Many people are growing their own fruits and vegetables, producing bounteous crops. Even if you’re not tending a garden, storage for seasonal items stockpiled from local farmers markets and backyard crops becomes a challenge. Enter the old-fashioned root cellar.

Before refrigeration and well into the last century, root cellars provided relatively reliable storage for vegetables, fruits and some cured meat. Even with the introduction of electric refrigerators, limited storage space kept root cellars in use in many rural homes. Now many urban and suburban homeowners are rethinking the root cellar as a sensible option for storage and safekeeping for extra emergency supplies.

The concept of root cellars is simple: cool dark and ventilated space, often below the frost line to maintain an even temperature and humidity. Some homeowners are designating a corner of the basement for a root cellar. It’s easy to design in the necessary features of ventilation and storage set up to accommodate the varieties of produce you’ll want to store. Others refer back to Midwestern homesteaders, who dug separate root cellars into hillsides or beneath the prairie sod, and often doubled as storm cellars when violent tornadoes rolled through the area.

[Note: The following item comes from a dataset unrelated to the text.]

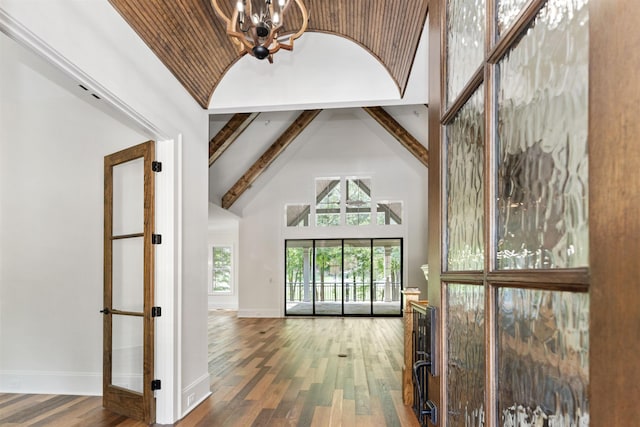 hall featuring beamed ceiling, wood-type flooring, a chandelier, and high vaulted ceiling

Root cellars develop their own science by their very nature: the vegetables emit various gasses as they ripen and age. Certain produce like pears and cabbage store well in cooler (40 degrees) and moister environments indicating a lower storage level. Winter squash and sweet potatoes thrive under warmer (50 degrees) and dryer conditions and would fare better stored higher in the root cellar. Apples emit ethylene gas, which can make carrots bitter. Many root cellar enthusiasts develop techniques such as hanging entire vines of green tomatoes upside down from the ceiling of the root cellar to extend tomato season well into the holidays. Others knot winter squashes into pantyhose and hang them to avoid the pressure rot that occurs when sitting on a hard surface.

There are many ways to construct a root cellar, and much depends on the location and the produce that will be stored. Generally, either a concrete foundation or sand or gravel layered over a dirt floor can keep the temperature even below the frost line. One construction design article we found in Mother Earth News recommended using cedar logs for the walls and ceiling of an underground walk-in root cellar. The article’s author recommended notching and fitting the logs together in a similar fashion to a log home wall. This design could be replicated using #3 grade cedar logs from our mill at a relatively moderate cost.

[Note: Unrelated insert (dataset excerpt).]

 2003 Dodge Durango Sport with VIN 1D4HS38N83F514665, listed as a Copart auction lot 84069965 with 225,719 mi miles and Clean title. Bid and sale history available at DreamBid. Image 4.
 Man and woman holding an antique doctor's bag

Framing a root cellar in a corner in the basement requires a location that is removed from the furnace area and other heated spaces. The root cellar should be well insulated from the interior spaces, but not insulated on the exterior basement walls to enable the natural cooling. Two screened ventilation pipes using PVC piping should be placed at locations near the top of the cellar for exhaust and near the floor for inflow. Sometimes a small exhaust fan can be installed to enhance the passive airflow. To monitor temperature and humidity you may wish to install thermometers and hygrometers inside the cellar. The access door should have equal levels of insulation and good seals to keep cool air inside the cellar.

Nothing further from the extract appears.